Liberal democracies win their wars because theyremain free
As it is the case today, when a war starts in Europe pacifist sentiments dissipate almost overnight. Thus, US citizens’ and their government’s position become even more weighty for the future of global peace.
Against his background, the works of Bertrand Russel, one of the greatest public intellectuals of the past century, resound strongly. As an active opponent to US and British war efforts, Russel wrote extensively on war and its acceptability. Eventually, he came to realise that “the evils of war are almost always greater than” those of an unjust peace. Moreover, he argued that it is not enough to abstain from participating in the war effort on the individual level. Indeed, “a civilized and humane way of life” requires women and “men who try hard, beforehand, to prevent their country from going to war”. The only reason to take up arms is “resistance to tyranny and aggression” against an aspiring “Emperor of the World”.

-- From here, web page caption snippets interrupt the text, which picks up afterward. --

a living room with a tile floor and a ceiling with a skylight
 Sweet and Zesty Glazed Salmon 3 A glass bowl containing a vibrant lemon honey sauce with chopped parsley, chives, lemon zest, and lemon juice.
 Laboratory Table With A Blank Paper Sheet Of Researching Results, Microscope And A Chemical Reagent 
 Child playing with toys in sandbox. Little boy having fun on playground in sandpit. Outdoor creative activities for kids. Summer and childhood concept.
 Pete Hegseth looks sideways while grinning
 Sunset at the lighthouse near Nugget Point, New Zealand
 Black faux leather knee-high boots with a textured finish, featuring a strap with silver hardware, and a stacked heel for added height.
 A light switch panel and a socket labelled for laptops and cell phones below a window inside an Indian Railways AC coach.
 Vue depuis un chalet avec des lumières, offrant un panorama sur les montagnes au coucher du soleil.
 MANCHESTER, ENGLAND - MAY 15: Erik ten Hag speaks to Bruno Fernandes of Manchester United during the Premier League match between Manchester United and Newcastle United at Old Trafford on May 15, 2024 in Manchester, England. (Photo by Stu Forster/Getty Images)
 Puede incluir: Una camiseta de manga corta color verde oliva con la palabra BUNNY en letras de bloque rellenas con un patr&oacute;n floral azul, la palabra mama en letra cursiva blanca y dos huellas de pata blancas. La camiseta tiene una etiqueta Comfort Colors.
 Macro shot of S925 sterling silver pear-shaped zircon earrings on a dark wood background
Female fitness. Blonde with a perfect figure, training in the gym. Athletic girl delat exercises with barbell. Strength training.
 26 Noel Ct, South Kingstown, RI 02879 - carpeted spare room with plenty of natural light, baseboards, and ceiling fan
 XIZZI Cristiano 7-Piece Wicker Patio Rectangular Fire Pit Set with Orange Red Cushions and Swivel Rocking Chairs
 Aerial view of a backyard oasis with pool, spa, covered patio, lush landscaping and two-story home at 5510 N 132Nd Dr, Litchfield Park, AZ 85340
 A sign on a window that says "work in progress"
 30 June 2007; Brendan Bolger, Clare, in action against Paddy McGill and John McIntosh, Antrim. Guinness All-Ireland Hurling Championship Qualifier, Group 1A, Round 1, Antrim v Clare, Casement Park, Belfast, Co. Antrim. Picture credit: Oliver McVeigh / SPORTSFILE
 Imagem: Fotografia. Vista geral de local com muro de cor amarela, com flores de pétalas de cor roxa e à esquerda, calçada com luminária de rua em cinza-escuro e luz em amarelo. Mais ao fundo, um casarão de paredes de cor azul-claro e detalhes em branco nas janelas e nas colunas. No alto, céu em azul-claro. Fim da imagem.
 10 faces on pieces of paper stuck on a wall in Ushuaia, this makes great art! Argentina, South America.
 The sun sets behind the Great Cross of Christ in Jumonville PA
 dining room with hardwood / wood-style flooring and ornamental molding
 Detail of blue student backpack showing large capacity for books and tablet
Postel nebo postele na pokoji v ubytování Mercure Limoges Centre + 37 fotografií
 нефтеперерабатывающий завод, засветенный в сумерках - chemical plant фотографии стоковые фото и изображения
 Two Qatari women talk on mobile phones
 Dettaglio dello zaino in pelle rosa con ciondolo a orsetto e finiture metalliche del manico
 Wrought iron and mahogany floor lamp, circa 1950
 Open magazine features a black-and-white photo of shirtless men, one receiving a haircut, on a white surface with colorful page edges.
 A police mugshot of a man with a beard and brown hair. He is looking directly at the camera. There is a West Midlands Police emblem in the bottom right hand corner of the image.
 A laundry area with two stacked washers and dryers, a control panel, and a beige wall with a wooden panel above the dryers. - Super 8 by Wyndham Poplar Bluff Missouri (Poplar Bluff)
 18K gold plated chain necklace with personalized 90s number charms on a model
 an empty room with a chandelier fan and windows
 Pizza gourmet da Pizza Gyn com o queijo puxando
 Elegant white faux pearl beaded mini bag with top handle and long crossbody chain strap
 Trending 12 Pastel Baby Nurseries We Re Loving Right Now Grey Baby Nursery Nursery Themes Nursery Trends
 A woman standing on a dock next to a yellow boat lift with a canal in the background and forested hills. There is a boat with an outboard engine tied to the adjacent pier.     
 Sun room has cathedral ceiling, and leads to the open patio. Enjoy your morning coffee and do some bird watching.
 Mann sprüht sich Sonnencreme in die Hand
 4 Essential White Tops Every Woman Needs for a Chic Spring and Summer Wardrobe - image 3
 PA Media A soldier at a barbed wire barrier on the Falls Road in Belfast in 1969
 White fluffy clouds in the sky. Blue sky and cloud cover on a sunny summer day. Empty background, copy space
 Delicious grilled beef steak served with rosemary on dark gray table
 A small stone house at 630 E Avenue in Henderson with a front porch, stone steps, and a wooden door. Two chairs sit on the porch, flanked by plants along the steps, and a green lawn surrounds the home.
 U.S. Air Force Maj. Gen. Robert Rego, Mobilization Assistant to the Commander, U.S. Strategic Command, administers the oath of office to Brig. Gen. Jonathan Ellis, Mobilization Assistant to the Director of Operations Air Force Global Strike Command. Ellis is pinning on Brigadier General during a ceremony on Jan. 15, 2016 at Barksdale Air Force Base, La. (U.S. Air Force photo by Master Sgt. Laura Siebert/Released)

But there is no sane mind who would compare the current Russian leadership to such an enemy. Still, liberal-democratic publics are renouncing their rights at an alarming speed while the steadfast Prussianization of democracy goes on. And this time it brings a poisonous dose of cultural racism and a heightened risk of segregation. Yet, no one prevented British Nazi sympathisers from doing propaganda in support of the Third Reich. Yet, no one censored Henry Ford’s antisemitic publications for their astounding consonances with Nazi ideology. Yet, no one prevented artists and intellectuals from Fascist Italy from perform or have exhibitions in the US. And liberal democracy not just survived: it grew stronger. Even if NATO was at war with Russia, demonising everything Russian would not help win it.
In conclusion, the majority of conservatives and democrats against US interventionism is heartening. But it cannot cancel the hawkishness of elected and campaigning representatives from both the left and the right. It is freedom itself that is stake.